◆ **Your instructions**: Read the data below. Every line holding the string "float" must be copied.

- - - - -

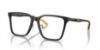 Picture of Emporio Armani Eyeglasses EA3232D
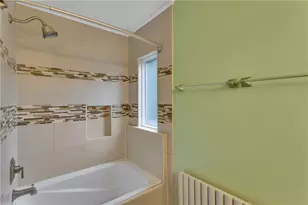 148 E Fairview Ave, Pittsburgh, PA 15237 - Photo 24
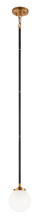 C58201AGOP_B.jpg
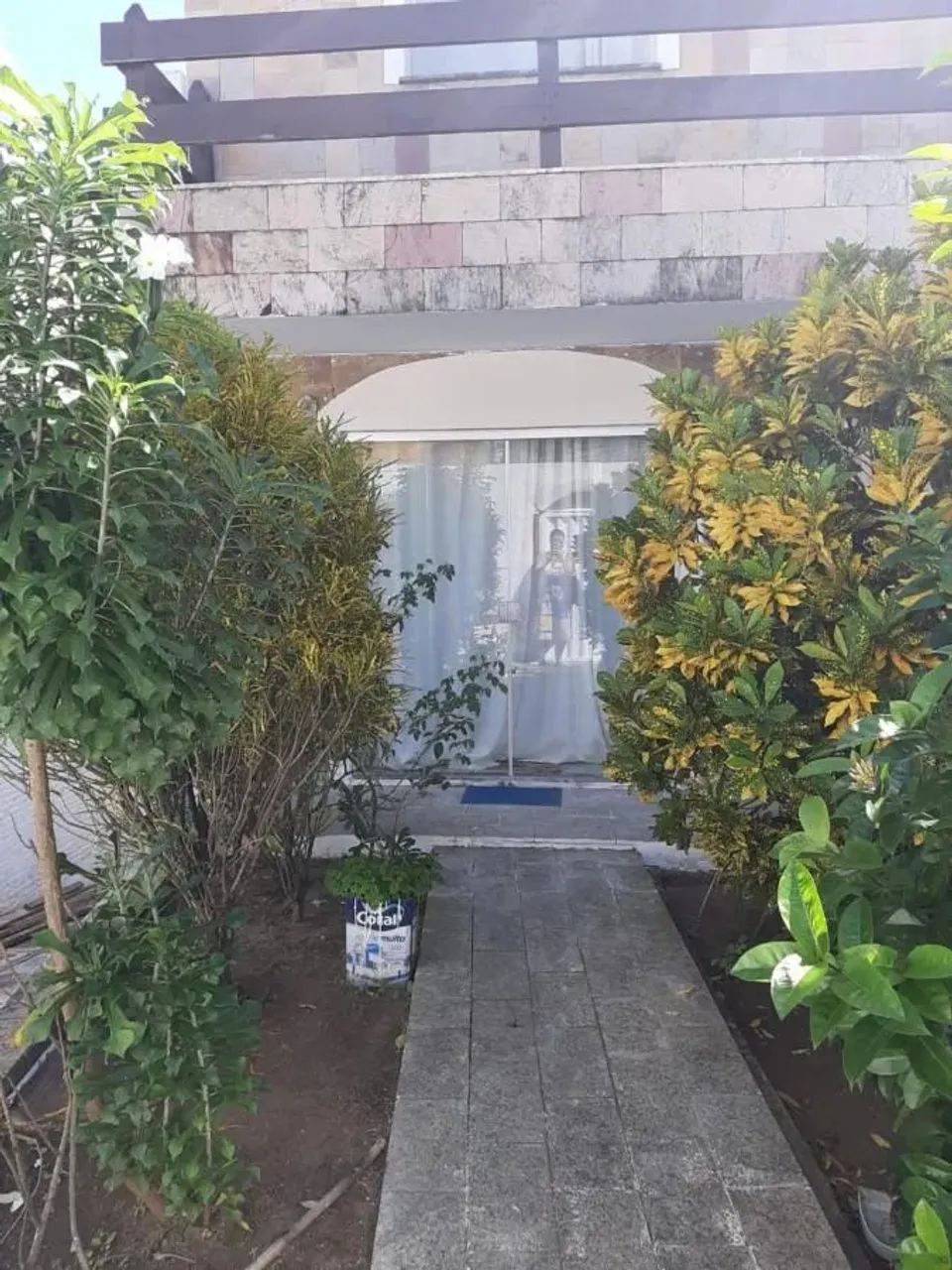 Casa para Venda em Salvador, Jardim Brasília, 8 dormitórios, 2 suítes, 7 banheiros, 4 vaga - Foto 4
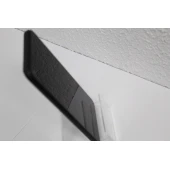 Telefon Realme 9 Pro 5G 128 GB Black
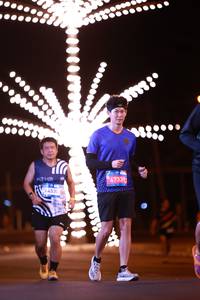 BIB: 
                            <button type="button" onclick="openModal(24209236)" class="btn btn-primary btn-sm float-right btn-popup" data-toggle="modal" data-target=".modal-high-quality">
                        <i class="fas fa-shopping-cart"></i> Add to Cart
                    </button>
                                            <button type="button" onclick="isThisMe(24209236, true)" class="btn btn-success btn-sm float-right btn-popup btn-isme hidden" data-toggle="tooltip" data-placement="bottom" title="นี่คือรูปของคุณใช่ไหม คลิกที่นี่เพื่อเอาเข้าอัลบั้ม">
                        <i class="fas fa-plus"></i> Add to album
                    </button>
                    <button type="button" onclick="isThisMe(24209236, false)" class="btn btn-warning btn-sm float-right btn-popup btn-isnotme hidden">
                        <i class="fas fa-ban"></i> Remove from album
                    </button>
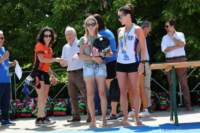 spa_casa25_031_small.jpg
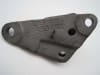 Mounting Bracket - Alternator - Side - 302 - Used ~ 1971 Ford Mustang 1971,1971 cougar,1971 mustang,351w,alternator,bracket,cougar,d1w,d1z,ford,ford mustang,mercury,mercury cougar,mounting,mustang,side,used,25287,d1oe-10a336-aa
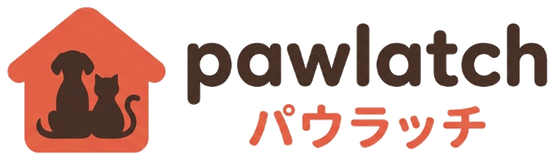 pawlatch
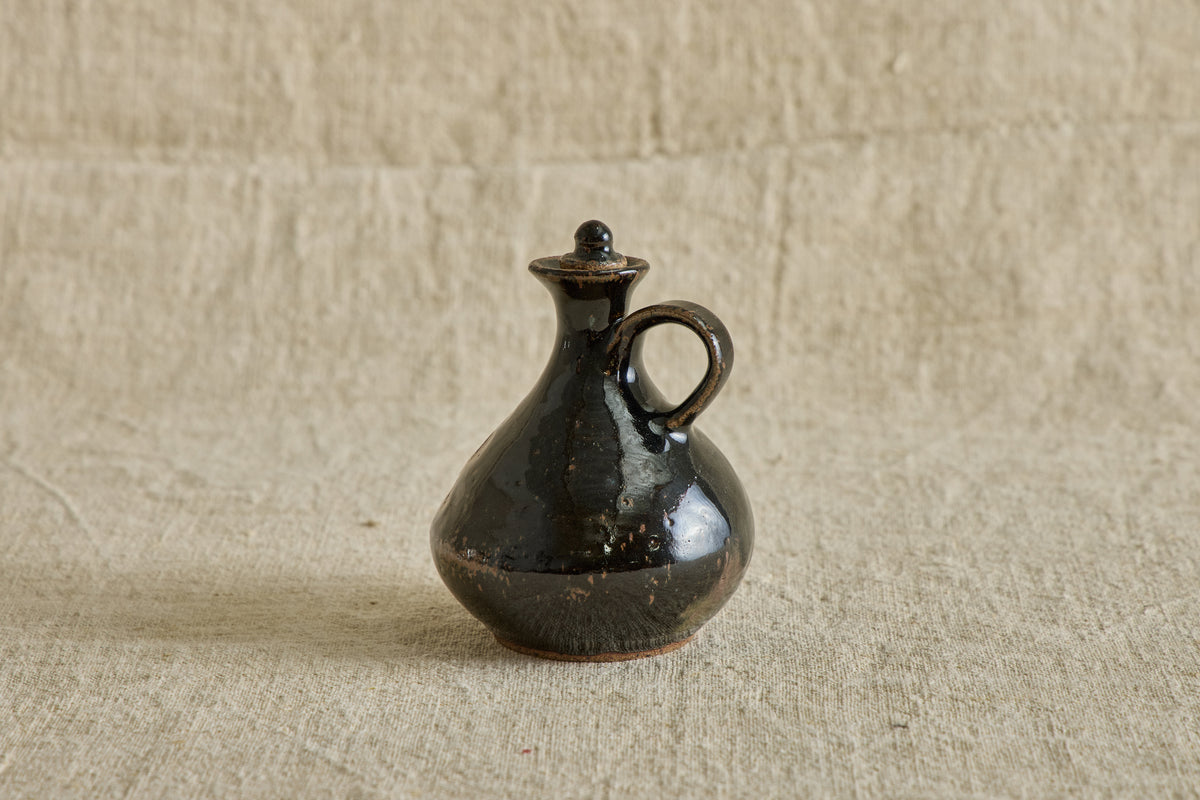 Small Ceramic Jug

- - - - -

◆ **Exercise output**:
                            <button type="button" onclick="openModal(24209236)" class="btn btn-primary btn-sm float-right btn-popup" data-toggle="modal" data-target=".modal-high-quality">
                                            <button type="button" onclick="isThisMe(24209236, true)" class="btn btn-success btn-sm float-right btn-popup btn-isme hidden" data-toggle="tooltip" data-placement="bottom" title="นี่คือรูปของคุณใช่ไหม คลิกที่นี่เพื่อเอาเข้าอัลบั้ม">
                    <button type="button" onclick="isThisMe(24209236, false)" class="btn btn-warning btn-sm float-right btn-popup btn-isnotme hidden">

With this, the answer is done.